S.E.C. v. First City Financial Corp., Ltd.

Decision Date01 December 1989
Docket NumberNo. 88-5232,88-5232
Citation281 U.S.App. D.C. 410,890 F.2d 1215
Parties, 58 USLW 2354, Fed. Sec. L. Rep. P 94,801, 29 Fed. R. Evid. Serv. 1055 SECURITIES AND EXCHANGE COMMISSION v. FIRST CITY FINANCIAL CORPORATION, LTD., et al., Appellants.
CourtU.S. Court of Appeals — District of Columbia Circuit

Appeal from the United States District Court for the District of Columbia (Civil Action No. 86-02240).

Arthur L. Liman, New York City, for appellants.

Paul Gonson, Sol., S.E.C., with whom Daniel L. Goelzer, Gen. Counsel, Jacob H. Stillman, Associate Gen. Counsel, Washington, D.C., Eric Summergrad, Asst. Gen.

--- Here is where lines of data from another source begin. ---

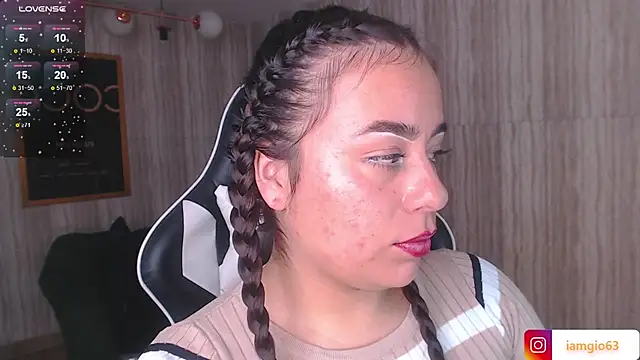 Snapshot of Georgina_1t chatting on 8, 3, 2025 Georgina 1t online show from 8, 3, 2025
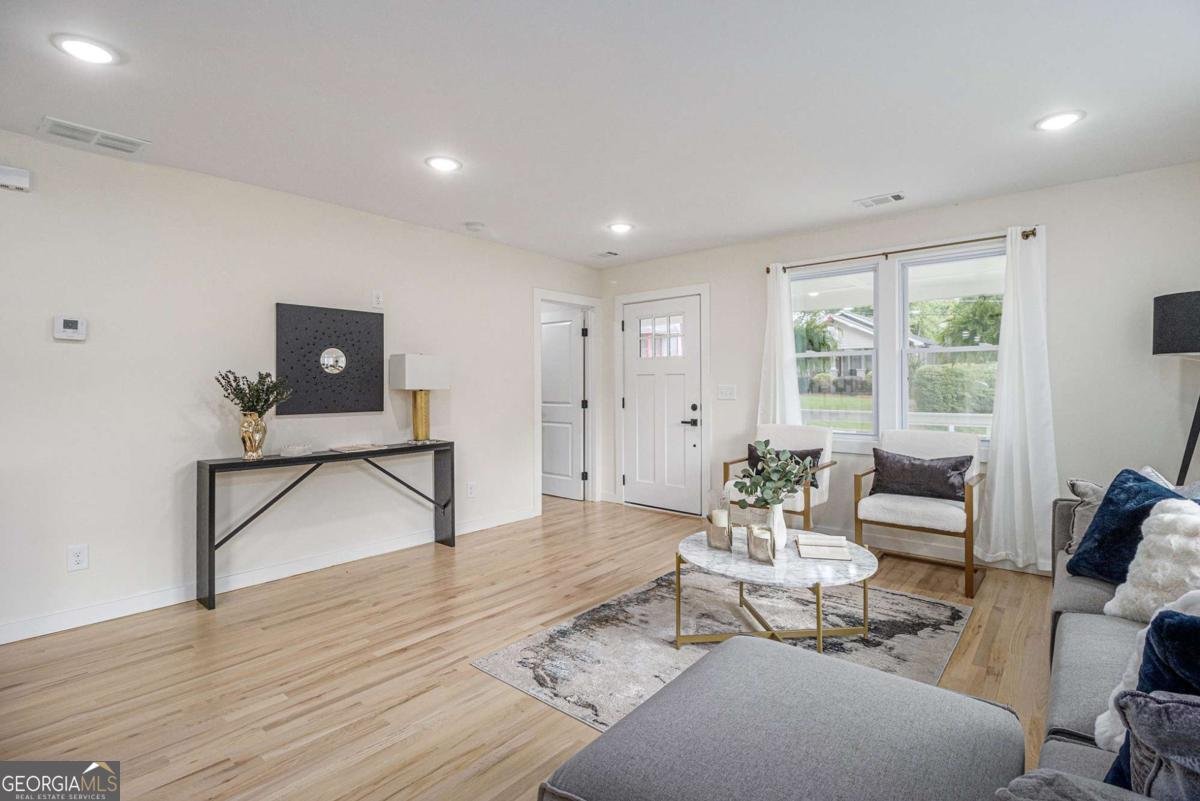176 RHODESIA Avenue Atlanta - 7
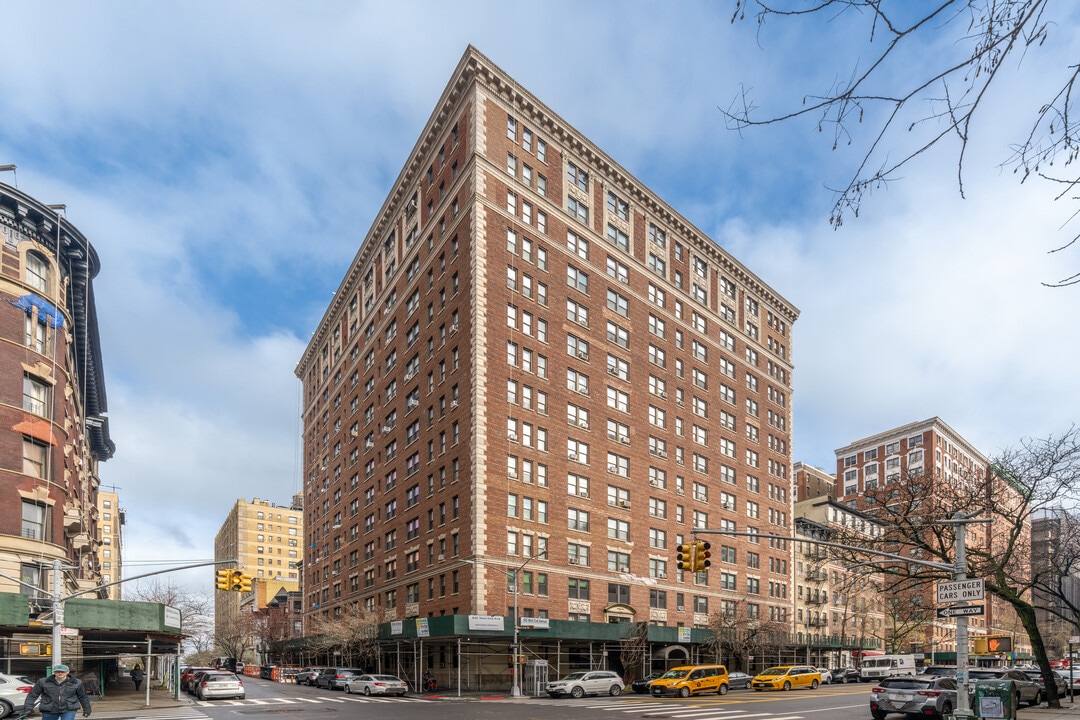 845 W End Ave in New York, NY - Building Photo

Counsel, Joseph A. Franco, Atty., S.E.C., were on the brief, for appellee.

Before EDWARDS, GINSBURG, and SILBERMAN, Circuit Judges.

Opinion for the Court filed by Circuit Judge SILBERMAN.

Concurring statement filed by Circuit Judge GINSBURG, in which Circuit Judge EDWARDS joins.

SILBERMAN, Circuit Judge:

Section 13(d) of the Securities Exchange Act of 1934, 15 U.S.C. Sec. 78m(d), requires any person who has directly or indirectly obtained the beneficial ownership of more than 5 percent of any registered equity security to disclose within 10 days certain information to the issuer, the exchanges on which the security trades, and to the Securities and Exchange Commission ("SEC"). 1 The SEC charged appellants, First City Financial Corporation, Ltd. ("First City") and Marc Belzberg, with deliberately evading section 13(d) and its accompanying regulations in their attempted hostile takeover of Ashland Oil Company ("Ashland") by filing the required disclosure statement after the 10 day period. The district court concluded that appellants had violated the statute; it then enjoined them from further violations of section 13(d) and ordered them to disgorge all profits derived from the violation. See SEC v. First City Financial Corp., et al. 688 F.Supp. 705 (D.D.C.1988). We think that the district court's findings were not clearly erroneous and that the injunction and disgorgement orders were lawful and appropriate remedies for appellants' violations. We therefore affirm.

I.

The SEC's case is based on its contention that on March 4, 1986 Marc Belzberg, a vice-president of First City, telephoned Alan ("Ace") Greenberg, the Chief Executive Officer of Bear Stearns, a large Wall Street brokerage firm, and asked Greenberg to buy substantial shares of Ashland for First City's account. Appellants claim that Greenberg "misunderstood" Belzberg: the latter intended only to recommend that Bear Stearns buy Ashland for its own account.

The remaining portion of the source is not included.